The Westside report has been lacking their of the last couple weeks. Since we got back from ND the end of Oct it has been slow! All local ducks yet, and no flight Mallards of any quantity! We've manged to get a few decent hunts with 2 of us, but we took advantage of are opportunities. If we had any more guys with we wouldn't have shot anymore. Hopefully this front will bring in some new ducks! If not then it's off to diver hunting.


----------



## WoodyMG (May 29, 2013)

craigrh13 said:


> We were shooting goldeneye all last week on the bay. I always thought they were some of the last birds to show up.


That ain't a good sign.


----------



## Outdoor Gal (Sep 9, 2008)

Do you think they just blew over us a bit?

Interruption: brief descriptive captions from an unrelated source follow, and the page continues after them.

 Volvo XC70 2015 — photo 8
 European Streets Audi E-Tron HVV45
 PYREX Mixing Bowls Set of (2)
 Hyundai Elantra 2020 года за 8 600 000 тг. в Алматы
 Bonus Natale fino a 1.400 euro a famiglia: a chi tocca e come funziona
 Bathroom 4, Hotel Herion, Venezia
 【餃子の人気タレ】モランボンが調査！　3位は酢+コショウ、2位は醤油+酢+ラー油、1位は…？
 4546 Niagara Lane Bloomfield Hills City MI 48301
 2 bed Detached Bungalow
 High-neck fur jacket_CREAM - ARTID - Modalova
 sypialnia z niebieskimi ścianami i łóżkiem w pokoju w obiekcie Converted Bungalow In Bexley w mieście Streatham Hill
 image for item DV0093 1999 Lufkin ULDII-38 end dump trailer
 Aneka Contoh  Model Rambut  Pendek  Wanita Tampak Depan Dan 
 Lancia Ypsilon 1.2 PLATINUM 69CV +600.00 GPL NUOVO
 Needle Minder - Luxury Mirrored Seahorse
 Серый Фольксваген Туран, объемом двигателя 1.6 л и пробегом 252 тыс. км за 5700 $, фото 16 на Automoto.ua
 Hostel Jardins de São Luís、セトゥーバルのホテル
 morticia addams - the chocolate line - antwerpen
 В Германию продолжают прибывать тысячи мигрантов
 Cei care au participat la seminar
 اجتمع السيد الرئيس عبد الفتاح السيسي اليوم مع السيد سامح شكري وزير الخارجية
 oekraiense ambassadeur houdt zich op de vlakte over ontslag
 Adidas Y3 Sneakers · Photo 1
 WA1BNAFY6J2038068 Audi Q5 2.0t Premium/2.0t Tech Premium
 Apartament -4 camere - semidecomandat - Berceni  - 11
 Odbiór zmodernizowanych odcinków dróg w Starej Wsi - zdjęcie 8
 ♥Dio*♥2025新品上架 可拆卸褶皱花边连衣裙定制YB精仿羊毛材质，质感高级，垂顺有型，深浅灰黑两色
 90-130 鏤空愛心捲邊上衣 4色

I was out Monday morning for a solo hunt. Had about 2 dozen mallards on the pond the day before, so figured I had a good shot at a couple birds. They all flew out to feed in the fields together, and all flew back together to the "refuge", as I call it. A nice safe spot they roost in. Never even gave me a look. Had one hooded merg swimming around my pond and that was it. 

I had high hopes for deer season. This year I lost access to the spot where we deer hunt, so was really excited about duck hunting. I'm worried all my spots will be frozen (shallow ponds). Waterfowling this time of year will be a learning process for sure. Was always "stuck" shooting deer for the freezer in the past.


----------



## TeamFowlAssassins (Nov 7, 2007)

Outdoor Gal said:


> Do you think they just blew over us a bit?
> 
> I was out Monday morning for a solo hunt. Had about 2 dozen mallards on the pond the day before, so figured I had a good shot at a couple birds. They all flew out to feed in the fields together, and all flew back together to the "refuge", as I call it. A nice safe spot they roost in. Never even gave me a look. Had one hooded merg swimming around my pond and that was it.
> 
> I had high hopes for deer season. This year I lost access to the spot where we deer hunt, so was really excited about duck hunting. I'm worried all my spots will be frozen (shallow ponds). Waterfowling this time of year will be a learning process for sure. Was always "stuck" shooting deer for the freezer in the past.



From the reports I've seen nobody really has seen a good push of Mallards. Central & south IL got a push of the early migrators last week(Redheads, Teal, Pintail, etc), but hardly any Mallards. Looks like they did get some here yesterday, but still not as many as usual. I think most are still up north & hopefully we will see them by this weekend! They could just pass right through if it gets to late into the season & most of are open water starts freezing up.


----------